Download or read book Computational Biomechanics for Medicine written by Martyn P. Nash and published by Springer. This book was released on 2019-08-13 with total page 149 pages. Available in PDF, EPUB and Kindle. Book excerpt: This book contains contributions from computational biomechanics specialists who present and exchange opinions on the opportunities for applying their techniques to computer-integrated medicine, including computer-aided surgery and diagnostic systems. Computational Biomechanics for Medicine collects peer-reviewed chapters from the annual Computational Biomechanics for Medicine Workshop, in conjunction with the Medical Image Computing and Computer Assisted Intervention [MICCAI] Society conference. The works are dedicated to research in the field of methods and applications of computational biomechanics to medical image analysis, image-guided surgery, surgical simulation, surgical intervention planning, disease diagnosis and prognosis, analysis of injury mechanisms, implant and prosthesis design, artificial organ design, and medical robotics. These chapters will appeal to a wide range of researchers and students within the fields of engineering and medicine, as well as those working in computational science.

Download or read book Computational Biomechanics for Medicine written by Adam Wittek and published by Springer Science & Business Media. This book was released on 2014-07-08 with total page 208 pages.

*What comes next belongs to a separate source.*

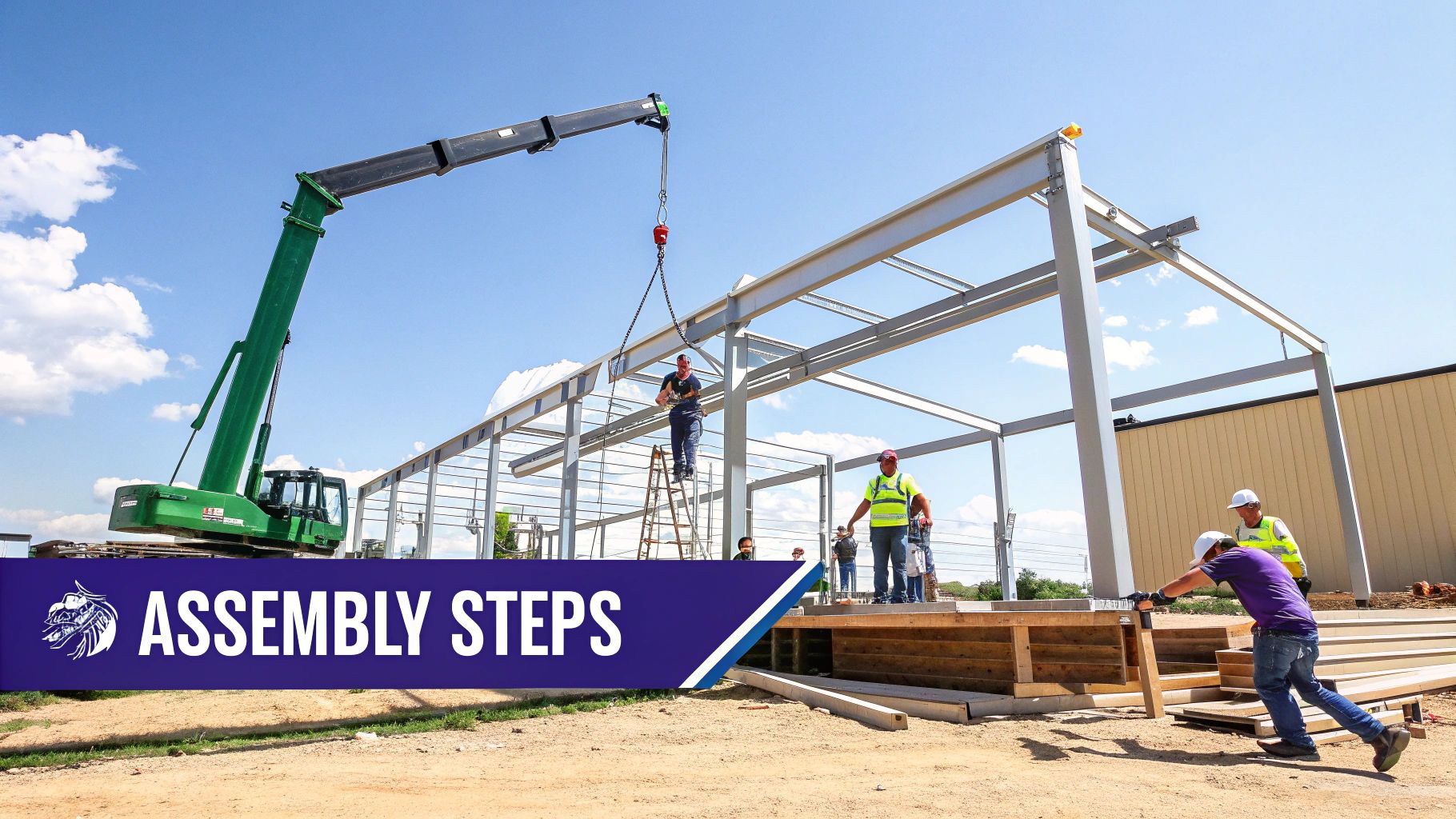 Construction workers assembling metal steel frame building structure using crane on construction site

Available in PDF, EPUB and Kindle. Book excerpt: One of the greatest challenges for mechanical engineers is to extend the success of computational mechanics to fields outside traditional engineering, in particular to biology, biomedical sciences, and medicine. This book is an opportunity for computational biomechanics specialists to present and exchange opinions on the opportunities of applying their techniques to computer-integrated medicine. Computational Biomechanics for Medicine: Models, Algorithms and Implementation collects the papers from the Seventh Computational Biomechanics for Medicine Workshop held in Nice in conjunction with the Medical Image Computing and Computer Assisted Intervention conference. The topics covered include: medical image analysis, image-guided surgery, surgical simulation, surgical intervention planning, disease prognosis and diagnostics, injury mechanism analysis, implant and prostheses design, and medical robotics.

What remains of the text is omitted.